Text of Felicity’s speech:
“I love my job, I love reading and there are very few genres that I don’t read. On my own shelves you will find Margaret Atwood, Jilly Cooper, Jennifer Egan, Dick Francis, Susie Steiner, Hillary Mantel, Kate Atkinson and JK Rowling and many many more, you may or may not have heard of, all rubbing up against each other. Much thumbed, much loved, old friends.
Each author is brilliant in their own distinct way, each has a mastery of the English language that they spin to the beat of their own internal drum. They are individual and you don’t gain much by setting Cooper against Atwood or Francis against Atkinson. And so I confess judging a novel contest is something that can feel odd. To deem one book better than another, let alone the best of a group of five.
So what I want to underline is how phenomenal it is to have made it onto the longlist and shortlist of authors. In doing so you have run the gauntlet of the Bath Novel Award’s unseen army of readers and found favour with the majority if not all of them. What an incredible achievement.
But I’m here for a reason, barring the company. And in choosing a winner I returned to those aforementioned writers and thought not about what makes them different but what is universal amongst them. Each is a master storyteller. Each has proven that a great character can be a friend for life. Indeed our winner has created a main character who embodies hope, who strives and from a position at the bottom of a societal hierarchy has observed enough to make her wise beyond her years. She is captivating.

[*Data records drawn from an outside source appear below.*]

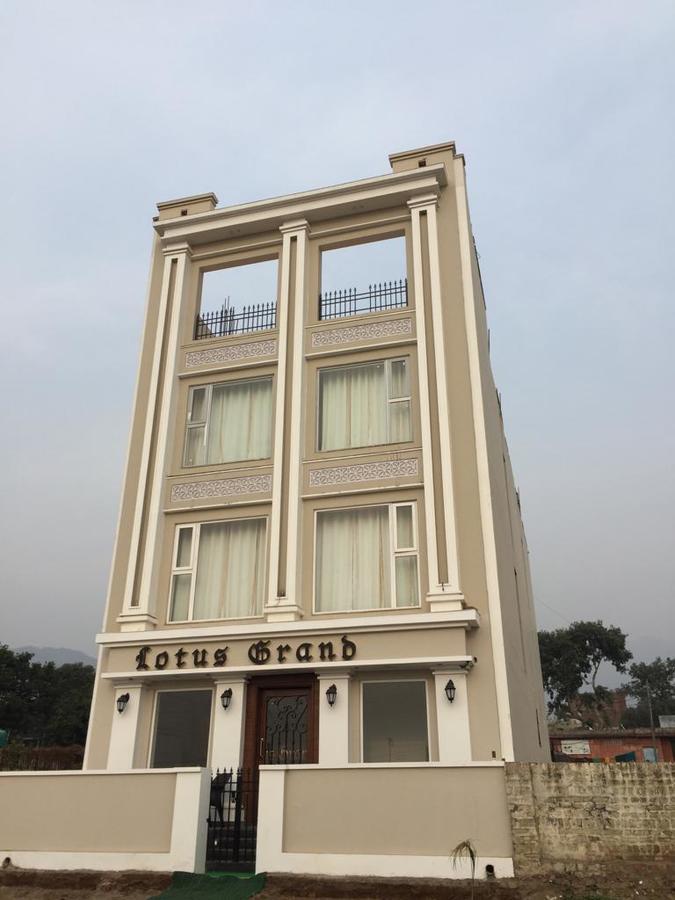 Hotel Lotus Grand Akm Kālka Exteriér fotografie
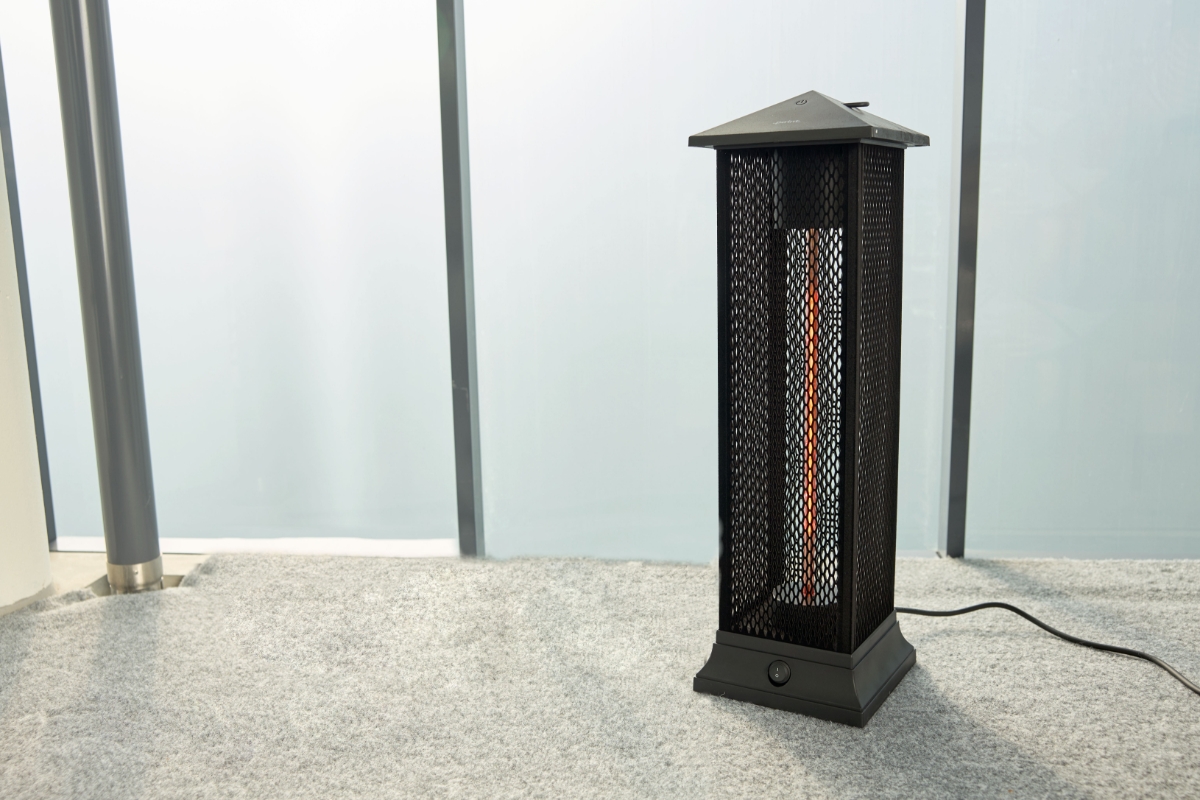 A wide angle shot of the POINT PRO POPHTOW66 patio heater on a balcony floor, next to the frosted glass panes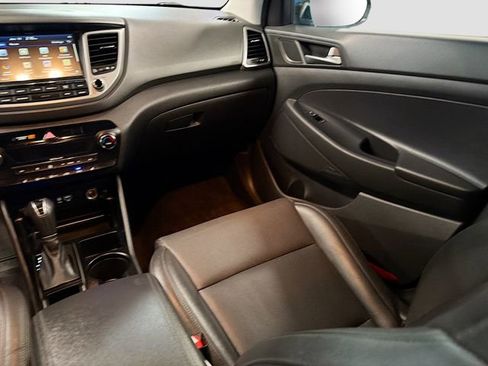 Used 2017 Hyundai Tucson SE Plus image 23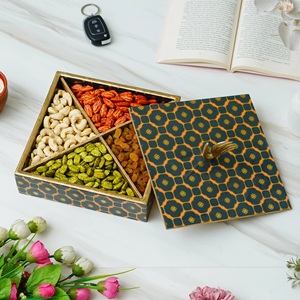 Boîte cadeau personnalisée Diwali au design moderne, boîte à fruits secs, plateau de service imprimé pour restaurant et mariage, plateau en bois - Product Image 1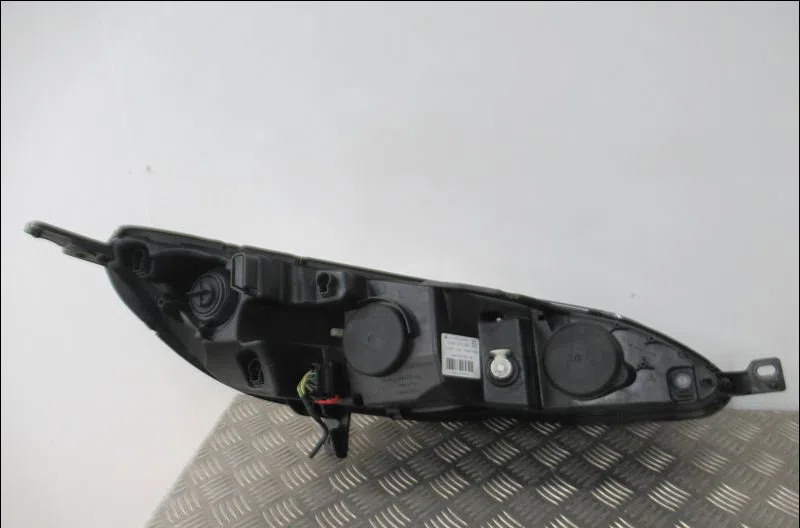 Phare gauche Peugeot 407 (6D_) 2.0 (6drfnb, 6drfne) (2004-2005) occasion
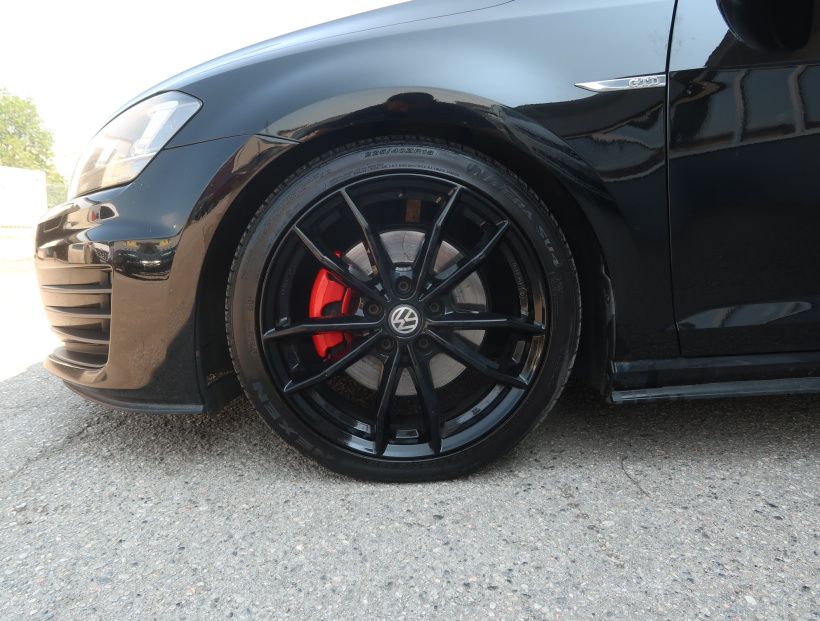 Volkswagen Golf, 2015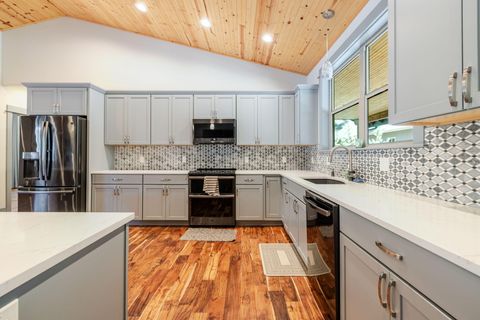Tiny photo for 14225 Whitewater Lane, La Pine, OR 97739 (MLS # 220221772)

This is a book that looks at women’s roles, not from a soap box, but from the ground beside them. It is poignant but never saccharine, it is painful but never exploits that pain. It is beautiful because it is ultimately a song of kindnesses. The winning book is a book of many voices, heard and unheard. But ultimately it is about one girl and her ambition to find and own her voice, I am therefore delighted to announce that the winner of the Bath Novel Award 2018 is THE GIRL WITH THE LOUDING VOICE by Abi Darè.